Do you ever work with virgins? What’s the approach you take with them?
Yes, I joke that I am a “devirginizer.” I have had the honor of being dozens of mens’ first sexual partner experience. It’s quite refreshing to work with a blank slate and teach them things at age 35 that I wish I could have taught them when they were 18. Interestingly, some inexperienced men are complete naturals in the bedroom, they just need an opportunity to practice!
“I wanted to be a librarian growing up. I love the idea of being a knowledge broker, and here I am using my body and mind instead of books to teach people about fundamental lessons on life, liberty, and the pursuit of happiness.”
What’s the legal status of the work you do?
Surrogate work is a grey area in the U.S. I believe I’m the only sex surrogate in the Midwest; most are in California, on the east coast or in Florida. There are no laws protecting sex surrogates in Missouri.
What were you doing previously?
I had an office job!

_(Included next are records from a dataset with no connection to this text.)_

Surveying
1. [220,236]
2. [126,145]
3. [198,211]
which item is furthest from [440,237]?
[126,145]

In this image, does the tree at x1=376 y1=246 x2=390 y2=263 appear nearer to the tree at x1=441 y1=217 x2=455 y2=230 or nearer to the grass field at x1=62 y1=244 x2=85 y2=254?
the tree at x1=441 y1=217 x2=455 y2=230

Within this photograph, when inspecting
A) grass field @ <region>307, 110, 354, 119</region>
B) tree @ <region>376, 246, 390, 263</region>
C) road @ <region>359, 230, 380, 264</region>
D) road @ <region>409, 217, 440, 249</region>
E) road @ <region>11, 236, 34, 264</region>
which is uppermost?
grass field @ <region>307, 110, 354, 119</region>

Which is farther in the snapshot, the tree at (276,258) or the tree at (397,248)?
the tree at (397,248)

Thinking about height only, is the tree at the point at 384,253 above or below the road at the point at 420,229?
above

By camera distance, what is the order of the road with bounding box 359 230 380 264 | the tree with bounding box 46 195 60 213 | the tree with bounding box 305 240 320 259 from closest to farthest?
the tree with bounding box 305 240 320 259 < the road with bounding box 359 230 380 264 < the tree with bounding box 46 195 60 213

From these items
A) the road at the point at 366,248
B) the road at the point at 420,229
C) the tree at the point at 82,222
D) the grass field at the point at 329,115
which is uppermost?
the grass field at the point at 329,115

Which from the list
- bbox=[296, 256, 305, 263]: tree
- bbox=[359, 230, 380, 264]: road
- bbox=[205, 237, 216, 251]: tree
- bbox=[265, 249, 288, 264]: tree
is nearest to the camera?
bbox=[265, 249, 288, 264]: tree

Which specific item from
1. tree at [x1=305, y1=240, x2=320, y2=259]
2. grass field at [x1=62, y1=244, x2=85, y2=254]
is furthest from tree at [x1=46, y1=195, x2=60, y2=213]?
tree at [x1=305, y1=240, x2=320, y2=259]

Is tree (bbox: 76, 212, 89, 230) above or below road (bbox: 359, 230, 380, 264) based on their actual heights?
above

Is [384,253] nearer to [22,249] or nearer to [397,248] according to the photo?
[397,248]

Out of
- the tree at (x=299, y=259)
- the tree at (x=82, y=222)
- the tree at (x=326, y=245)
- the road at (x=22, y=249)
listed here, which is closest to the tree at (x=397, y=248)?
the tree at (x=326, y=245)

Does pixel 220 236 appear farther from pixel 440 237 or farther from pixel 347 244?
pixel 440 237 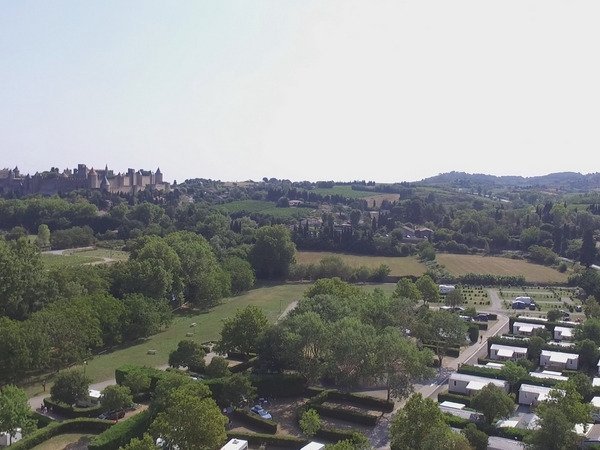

I switched gears and have been doing surrogate work for at least eight years.
What did you want to be when you were a little kid?
I wanted to be a librarian growing up. I love the idea of being a knowledge broker, and here I am using my body and mind instead of books to teach people about fundamental lessons on life, liberty and the pursuit of happiness.
What have been some of the most enriching experiences you’ve had with clients?
I have a soft spot for my clients who have had limited sexual experience due to physical disability. I had a client with Muscular Dystrophy who passed away last year at age 26. He had very limited mobility. I was the only woman he had ever been with. He was told he wouldn’t live past 20, but when he did, he realized he needed to learn some adult skills. So, he hired me. One time, after a session, I rested my body on top of his, and he began to weep. I asked him what he was feeling, and he said, “This is the first time I’ve ever felt someone else’s breath and heartbeat before.” He was one of the most amazing and inspirational people I have ever known.
What does your partner think of your work?
We’ve been in an open relationship for 10 years. He is extremely supportive of the work I do. He “gets” it and is proud of the difference I make, just as I’m proud of his career. We both share our special talents and wisdom with our community.
What, if any, impact does your work have on your sex life?
I have a very high libido, and I try to pace myself, so my work rarely interferes with my personal sex life. I always make sure my partner’s needs are met, but I don’t really have time to date others. Sex with my partner is quite different than sex with clients. We share a more relaxed style, different positions and don’t use condoms.
What’s your goal as a sex surrogate? What do you hope to provide to your clients by the end of their sessions?
Building confidence and providing constructive feedback is key. And having the ability to be hands-on can offer breakthroughs that years of talk therapy can’t touch. Imagine meeting with someone weekly and they describe to you how to fix a car, compared to someone who gets right in the shop with you and shows you how to fix it together.
In my heart of hearts, I believe I am providing an invaluable service. I wish it wasn’t so special and rare. My goal every time is to welcome a nervous, anxious person and have them leave relaxed, feeling good and empowered. Sex is a very big, serious deal in our society, but it can be demystified through frank communication, compassion, and playfulness.